Dollar hits 6-day high as Bank of Japan maintains ultra-loose policy

Dollar hits 6-day high as Bank of Japan maintains ultra-loose policy

LONDON, January 18, Reuters -- A jump in U.S. Treasury yields pushed the dollar index to a six-day high on Tuesday, while Japan's yen fell after the Bank of Japan said it would stick to its ultra-loose monetary policy.

The U.S. Federal Reserve meets next week. In March, the rate is expected to be raised, for the first time since the start of the coronaviruses epidemic, and investors are pricing in four rate hikes in 2022.

The two-year yields that track short-term rate expectations crossed 1% for the first time since February, 2020, as investors braced for the possibility of the Fed being more hawkish than expected.

The U.S. 10 year yield hit a two-year high.

The U.S. dollar surged against a basket of currencies, hitting a six-day high of 95.454 during Asian trading, before easing gradually overnight. It was at 95.308 at 0836 GMT, up 0.1% on the day.

The euro-dollar was down 0.1% at $1.1395.

The yen slipped after the Bank of Japan said it would maintain its ultra-loose monetary policy even as its global counterparts move towards exiting from crisis-mode policies.

The dollar was up 0.1% against the yen at 114.72 at 0838 GMT, with the pair reaching as high as 115.06 overnight.

We continue to expect the BoJ to stick to their current policy framework until at least Governor Kuroda's term ends next April, said Lee Hardman, MUFG currency analyst.

He wrote that there should be upward pressure on USD JPY because of the widening differences between BoJ and Fed policy expectations.

Hardman noted that the pair did not pass the 117 level as it strengthened this month.

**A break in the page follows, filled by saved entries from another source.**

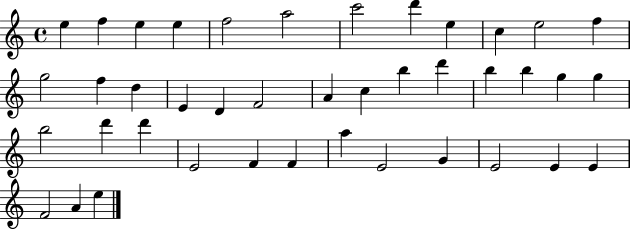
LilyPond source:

{
  \clef treble
  \time 4/4
  \defaultTimeSignature
  \key c \major
  e''4 f''4 e''4 e''4 | f''2 a''2 | c'''2 d'''4 e''4 | c''4 e''2 f''4 | \break g''2 f''4 d''4 | e'4 d'4 f'2 | a'4 c''4 b''4 d'''4 | b''4 b''4 g''4 g''4 | \break b''2 d'''4 d'''4 | e'2 f'4 f'4 | a''4 e'2 g'4 | e'2 e'4 e'4 | \break f'2 a'4 e''4 | \bar "|."
}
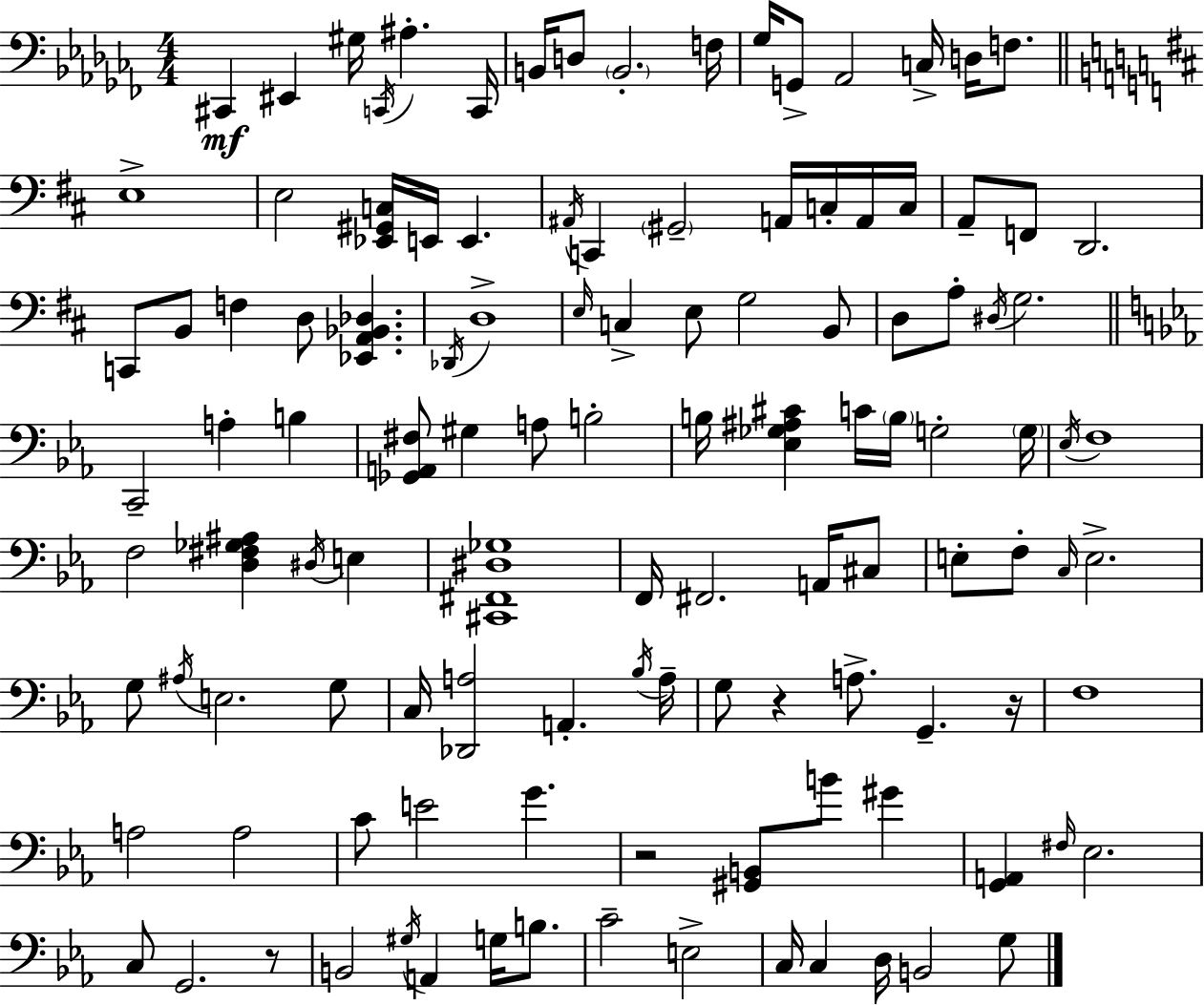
C#2/q EIS2/q G#3/s C2/s A#3/q. C2/s B2/s D3/e B2/h. F3/s Gb3/s G2/e Ab2/h C3/s D3/s F3/e. E3/w E3/h [Eb2,G#2,C3]/s E2/s E2/q. A#2/s C2/q G#2/h A2/s C3/s A2/s C3/s A2/e F2/e D2/h. C2/e B2/e F3/q D3/e [Eb2,A2,Bb2,Db3]/q. Db2/s D3/w E3/s C3/q E3/e G3/h B2/e D3/e A3/e D#3/s G3/h. C2/h A3/q B3/q [Gb2,A2,F#3]/e G#3/q A3/e B3/h B3/s [Eb3,Gb3,A#3,C#4]/q C4/s B3/s G3/h G3/s Eb3/s F3/w F3/h [D3,F#3,Gb3,A#3]/q D#3/s E3/q [C#2,F#2,D#3,Gb3]/w F2/s F#2/h. A2/s C#3/e E3/e F3/e C3/s E3/h. G3/e A#3/s E3/h. G3/e C3/s [Db2,A3]/h A2/q. Bb3/s A3/s G3/e R/q A3/e. G2/q. R/s F3/w A3/h A3/h C4/e E4/h G4/q. R/h [G#2,B2]/e B4/e G#4/q [G2,A2]/q F#3/s Eb3/h. C3/e G2/h. R/e B2/h G#3/s A2/q G3/s B3/e. C4/h E3/h C3/s C3/q D3/s B2/h G3/e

The possibility of a rebound for USD JPY is diminishing due to the failure of the market and the fact that the market was short JPY. The Australian dollar fell 0.3% on the day to $0.7193. The New Zealand dollar was down 0.3%.

Both currencies faced disappointing domestic data, with Australian consumers cowed by the rapid spread of coronaviruses and record deaths.

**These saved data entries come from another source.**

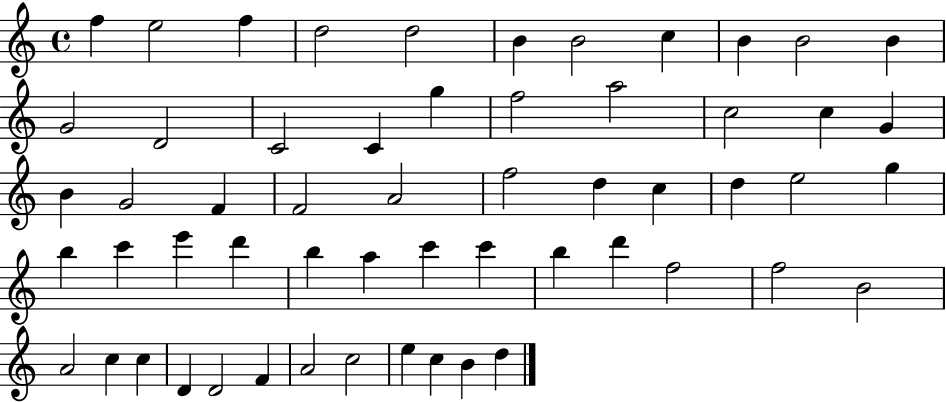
X:1
T:Untitled
M:4/4
L:1/4
K:C
f e2 f d2 d2 B B2 c B B2 B G2 D2 C2 C g f2 a2 c2 c G B G2 F F2 A2 f2 d c d e2 g b c' e' d' b a c' c' b d' f2 f2 B2 A2 c c D D2 F A2 c2 e c B d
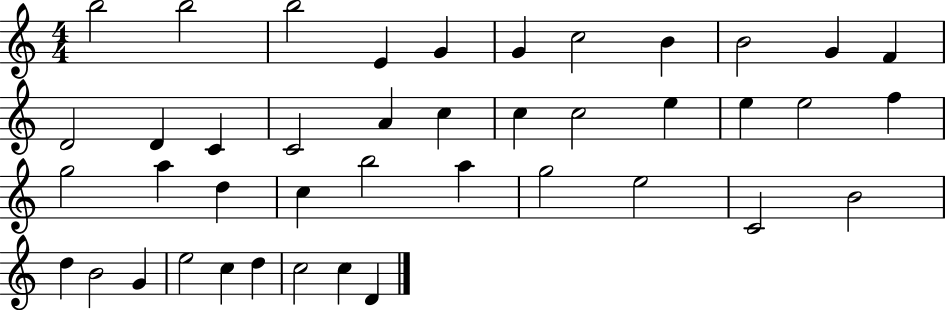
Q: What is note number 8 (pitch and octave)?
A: B4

The British pound was flat at $1.36405, supported by UK jobs data.

The central bank of China said that it would do more to support growth while lowering financing costs and keeping the exchange rate stable, while keeping the yuan exchange rate stable, the bank's vice governor said.

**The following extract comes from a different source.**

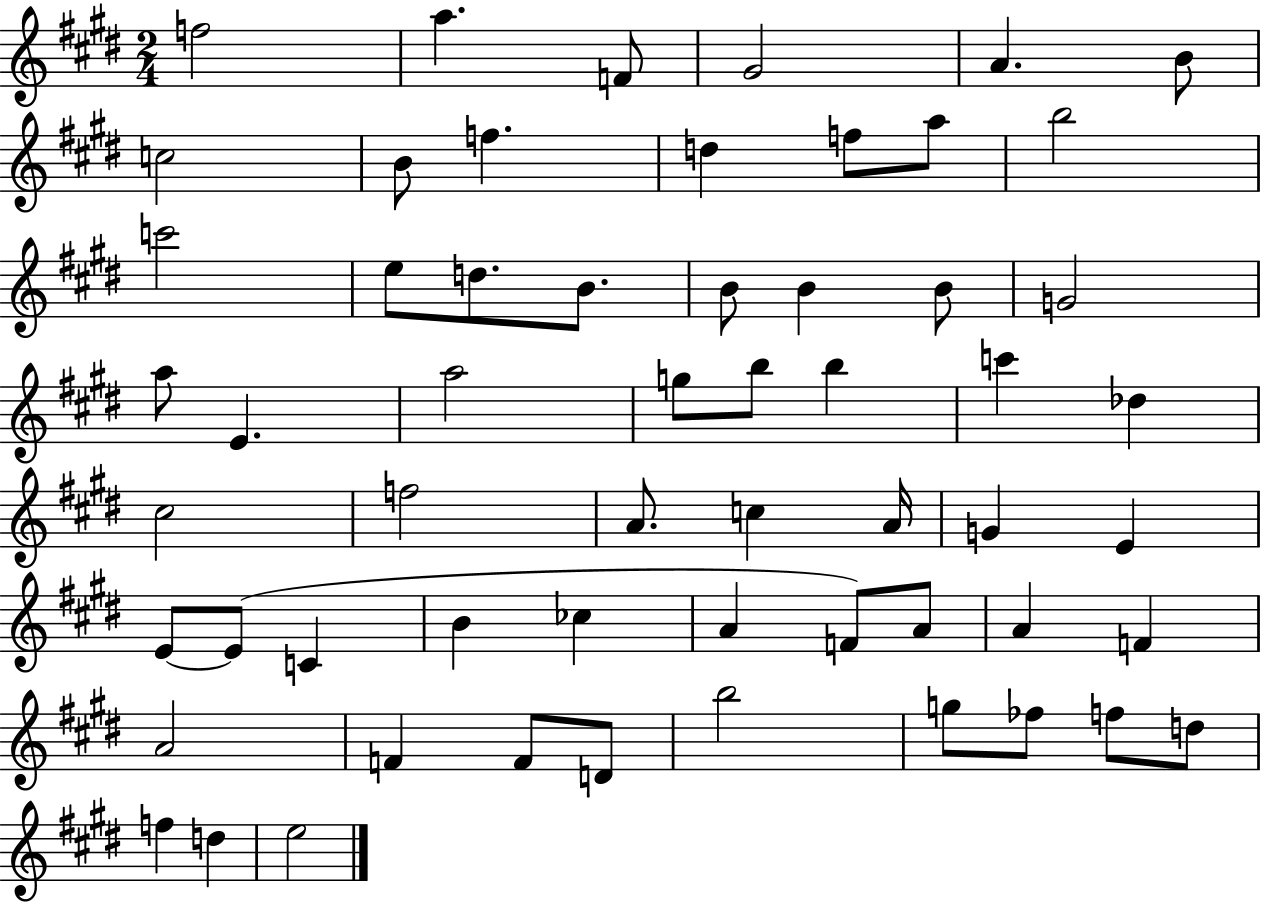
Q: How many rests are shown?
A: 0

Market analysts expect more policy easing this year to cushion an economic slowdown, as the central bank cut the borrowing costs of its medium-term loans for the first time since April 2020.

Trade settlements helped the yuan hit its highest in more than three years. The spread between Chinese and U.S. 10 year Treasury yields has shrunk to its narrowest since May 2019 because of the yuan's advantage from having a higher yield.

The value of the digital currency was little changed around $41,850, still well below the all-time high of $69,000 it hit last November.